[Your instructions]
Down to the last line of the listing, starting at the one with "Qeelin Circle Gourd Earrings", retype each line exactly. Do not copy the pictures.

[Supplied material]
=== Section Start ===
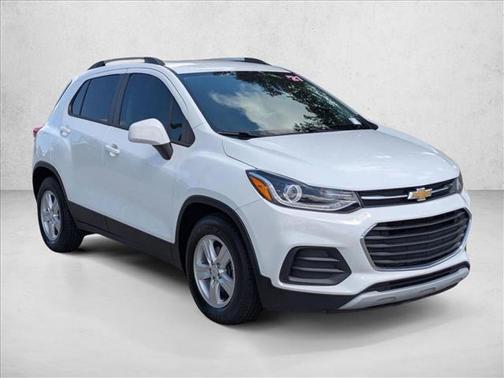 Summit White 2021 Chevrolet Trax LT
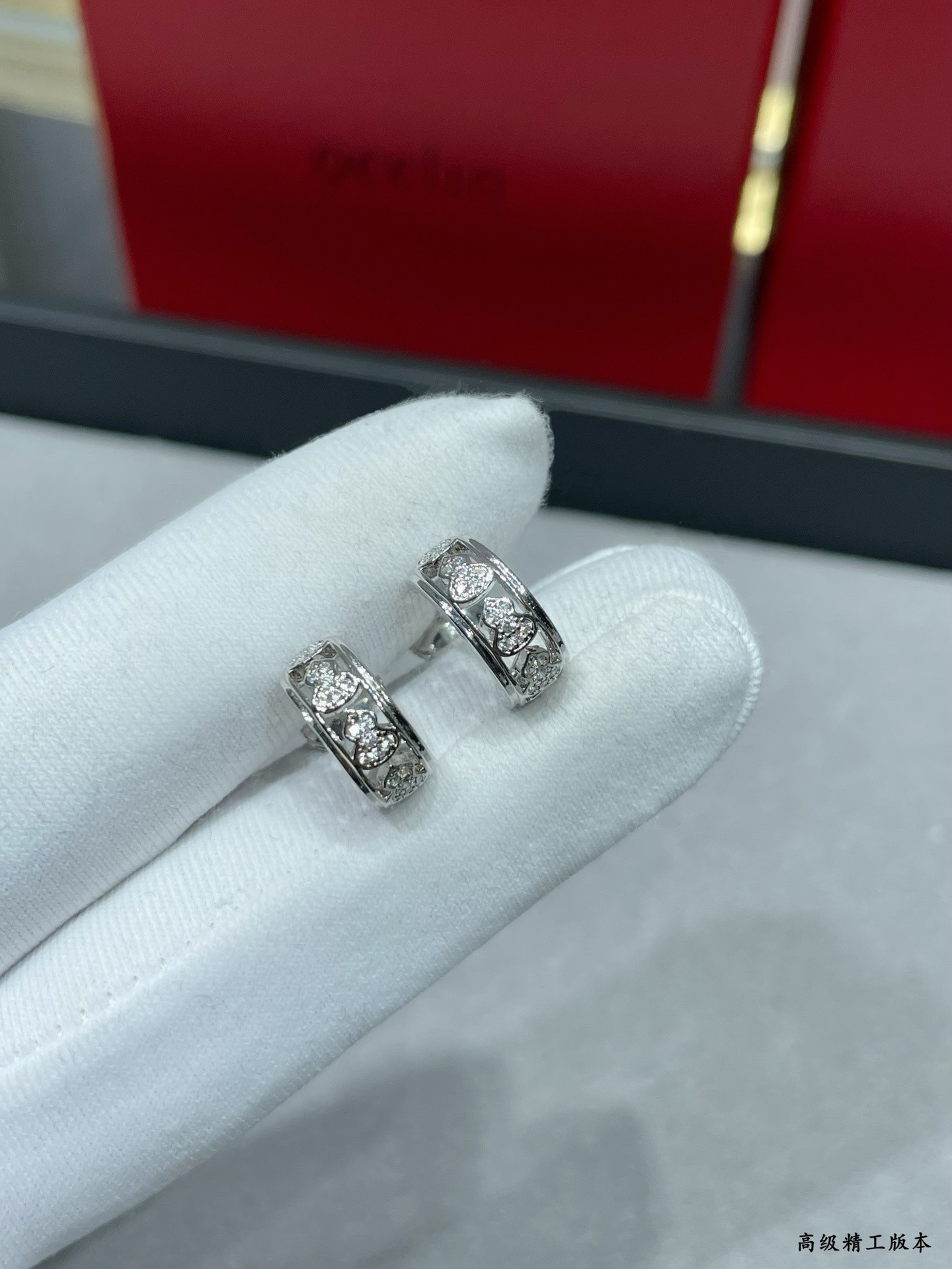 Qeelin Circle Gourd Earrings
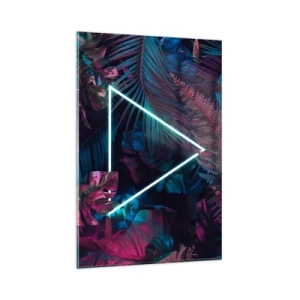 Glasbild - Bild auf glas - Ein Neondreieck, umgeben von tropischen Blättern in dunklen Farben. - 80x120cm - Garten im Disco-Stil - Moderne Wanddekoration für Wohnzimmer und Schlafzimmer ARTTOR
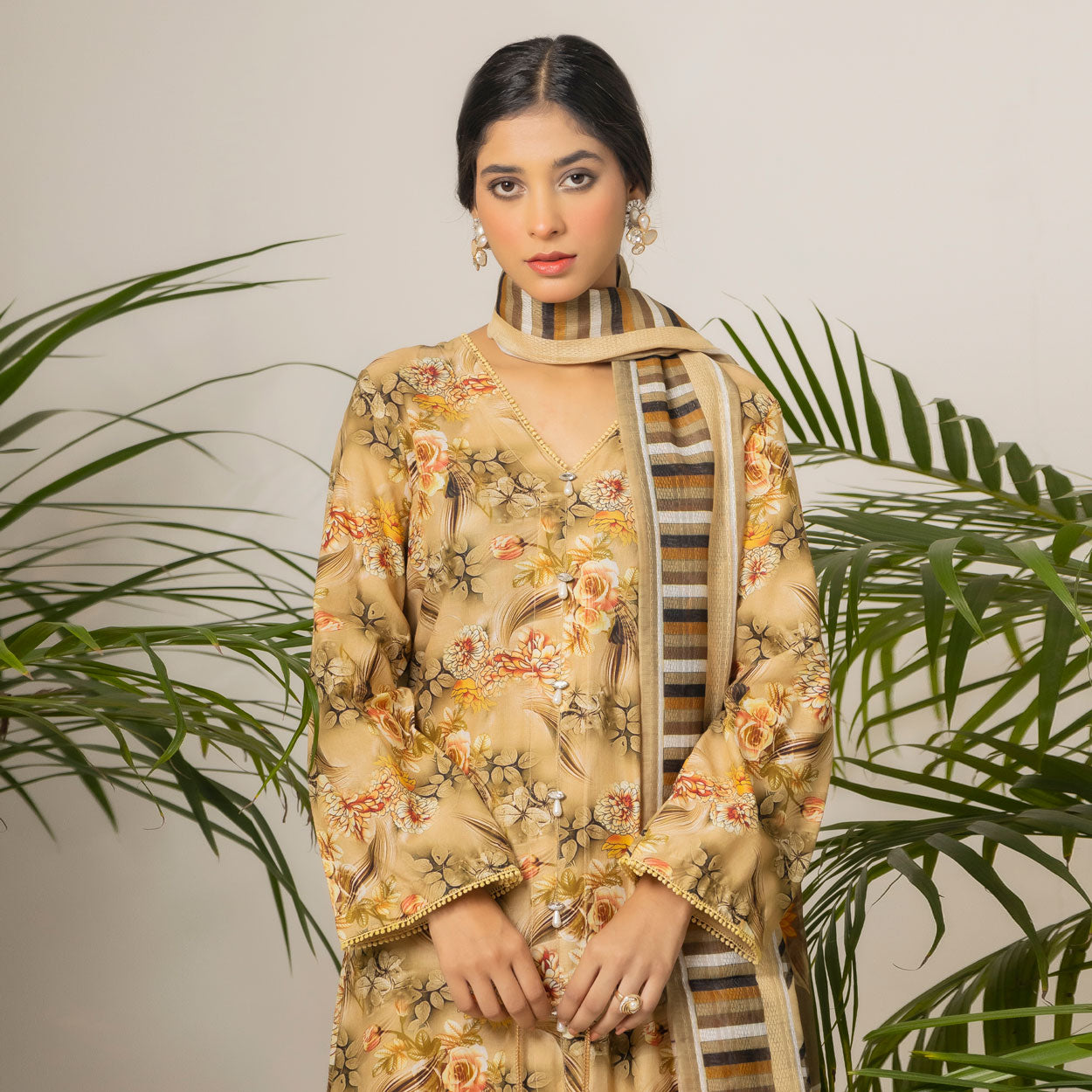 Golden Petal 3-Piece Lawn – AB0015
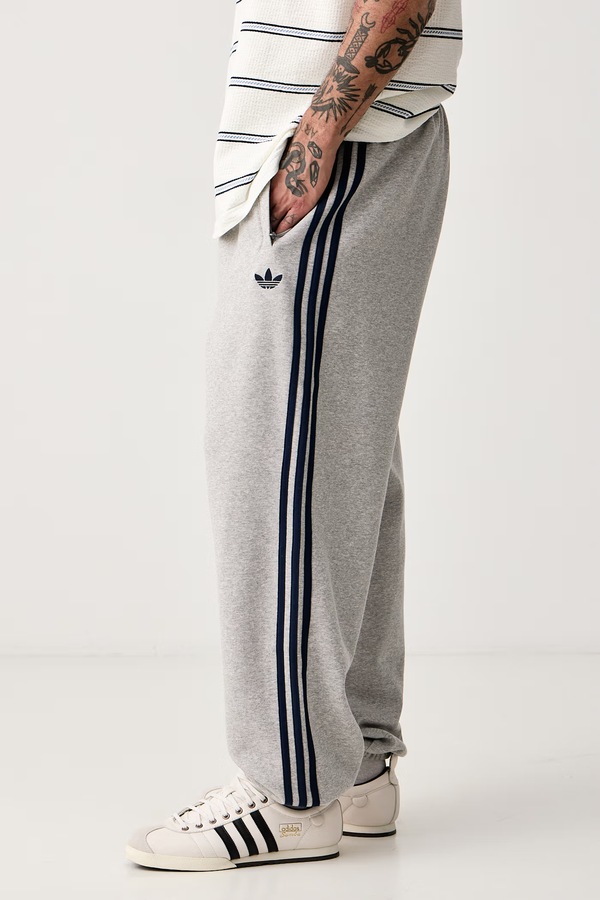Спортивні штани чоловічі з бавовною adidas Originals Adicolor колір сірий фото 4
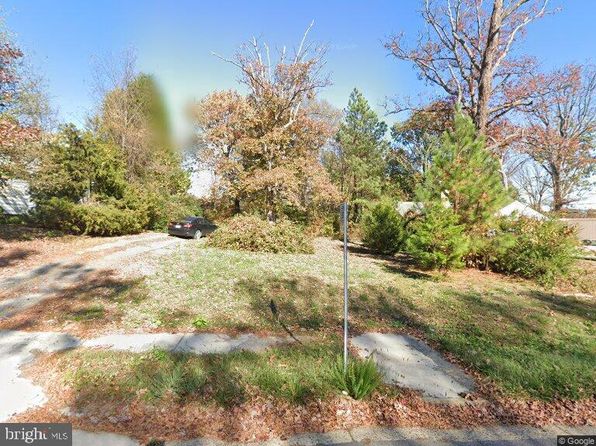 2608 Beacon Hill Rd, Alexandria, VA 22306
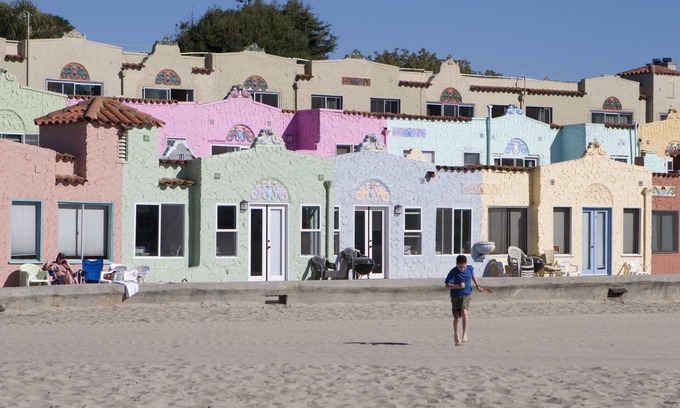 Capitola Condo | Capitola Venetian Beach House #4 - Beachfront - 3-day min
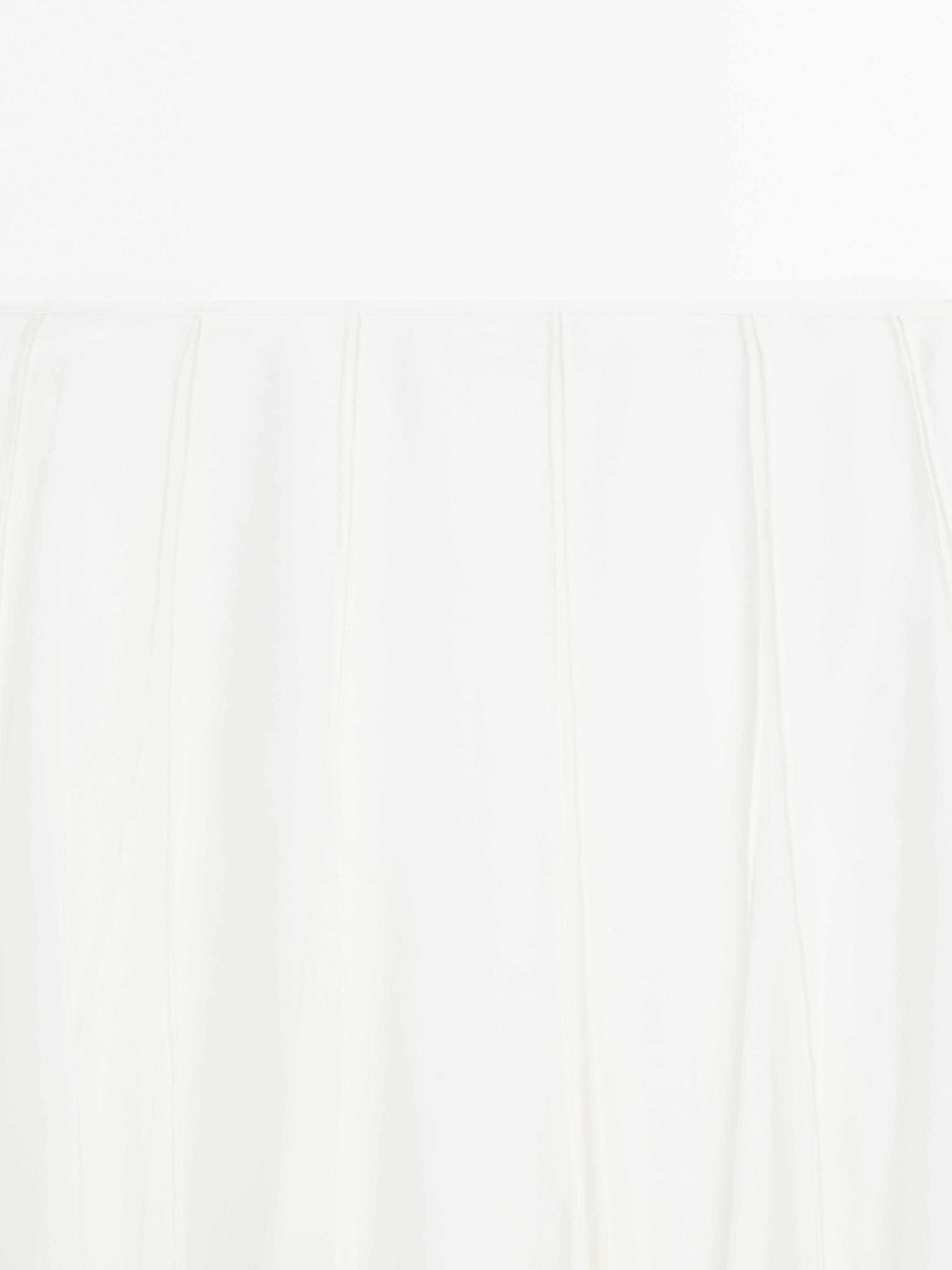 Long organza skirt with godet detail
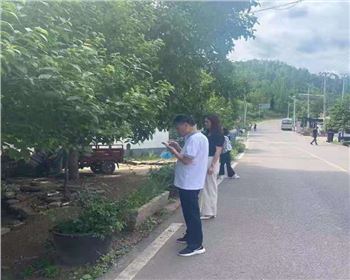 萬通公司組織，農(nóng)村特色公路觀摩活動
=== Section End ===
[Response]
 Qeelin Circle Gourd Earrings
 Glasbild - Bild auf glas - Ein Neondreieck, umgeben von tropischen Blättern in dunklen Farben. - 80x120cm - Garten im Disco-Stil - Moderne Wanddekoration für Wohnzimmer und Schlafzimmer ARTTOR
 Golden Petal 3-Piece Lawn – AB0015
Спортивні штани чоловічі з бавовною adidas Originals Adicolor колір сірий фото 4
 2608 Beacon Hill Rd, Alexandria, VA 22306
 Capitola Condo | Capitola Venetian Beach House #4 - Beachfront - 3-day min
 Long organza skirt with godet detail
 萬通公司組織，農(nóng)村特色公路觀摩活動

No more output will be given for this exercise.